Once everything else is done, everything works fine, then comes the dirt. Finally. This is the easy part. Just pile dirt on top of the structure and hope you did everything correctly...

Because the last thing you need is for the bunker ceiling to collapse in the middle of the night and kill you.


Can you make a shipping container bunker? Yes, but it is not ideal.

Should you? Not unless you are willing to put a lot of effort and money into it, because they don't actually make ideal bunkers. It would almost be easier to make a submarine than to turn one of these into a safe-to-live-in bunker.

So what about alternatives?

So you just used tonnes of cement to bury a shipping container, because by itself the shipping container cannot withstand the weight of the dirt, and the dirt and water will make it rust easily. When you really think about it, the shipping container is really a waste of time as a bunker. It is not ideal, as it is too small, not structurally sound, and rusts easily.

So why not just SKIP the shipping container entirely?

Option A. Just Use Cement

Build a round cement bunker. Or a square one. Whatever.

Design it with the greenhouse and living area in the middle and chambers around the sides for utilities like water, electricity, sewage, air filtration, extra living quarters, kitchen, bathrooms, machine shop, etc. For a family of 4 you will want at least 3,000 sq feet, including 400 sq feet for the greenhouse.

Option B. Buy An Old Nuclear Silo or Bunker

So in Northern Ontario there are a number of old nuclear silos dating back to the Cold War which have since been ripped apart and the missiles moved elsewhere. The properties have since been sold off and a variety of people now own such old missile silos.

Thus it is possible to just purchase an old missile silo or bunker. You don't need to build one.

Option C. Buy A Cave, Cavern or Mine

There are a number of places in Ontario which are privately owned caves. As well as old abandoned mine shafts. Buy the property, renovate and reinforce the cave or mine shafts to suit your needs.

Option D. The Ready-Made Bunker

There are companies that make and sell ready-made bunkers. More expensive? Yes. But this is also the fastest and easiest way to have a bunker made, and they could certainly build a giant underground home if that is really what you wanted.

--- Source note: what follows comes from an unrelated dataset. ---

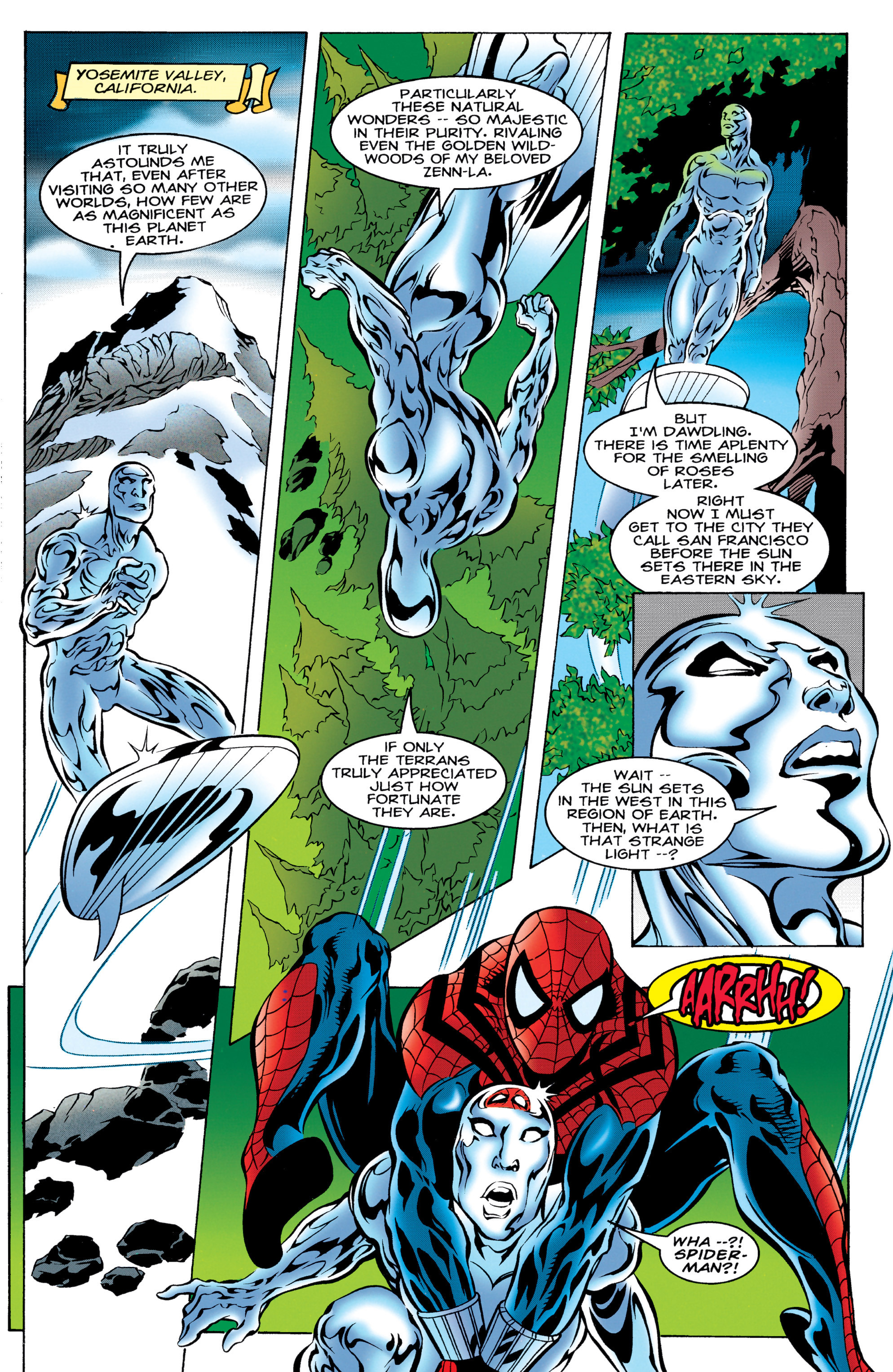 Read online The Amazing Spider-Man: The Complete Ben Reilly Epic comic -  Issue # TPB 3 - 200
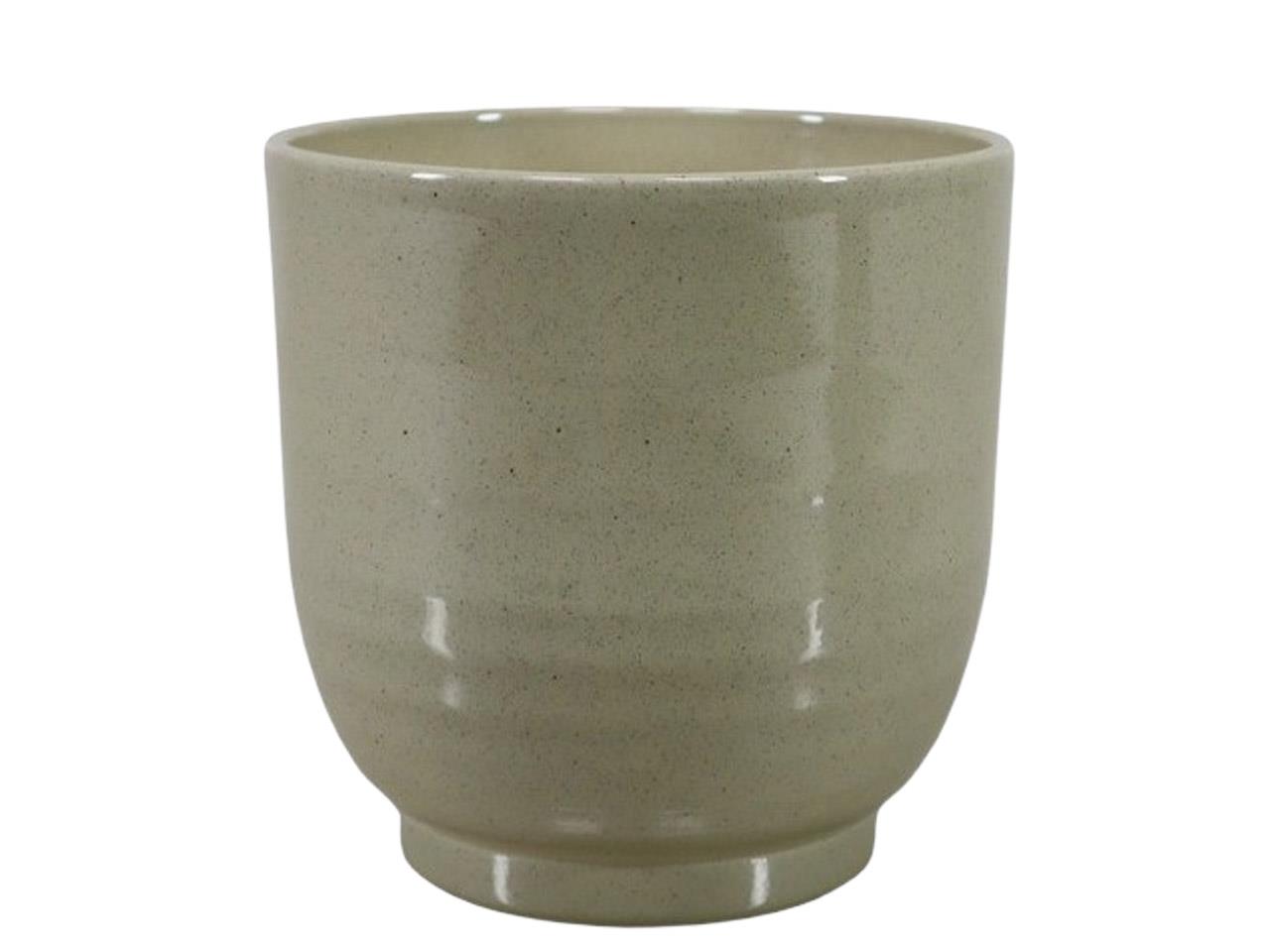 Keramikübertopf Form 685 kiwi-stone D24cm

Does your "bunker" really have to be underground?

Actually it does not.

If you are not near any place that is likely to be a nuclear missile target, then your "bunker" could be above ground and simply camouflaged and well hidden. You don't need to bury it.

You could paint it to blend in with foliage...

You could bury only part of it so that most people from a distance cannot see it, and add lots of trees, flowers, bushes, etc.

Or you could just build a normal "home" with them and trust that the trees on the property will keep away prying eyes. Why make it harder if it doesn't have to be?

The Final Say

Maybe just skip the bunker and build a home instead.

And if you are that worried about intruders or whatever, build booby traps and bear pits.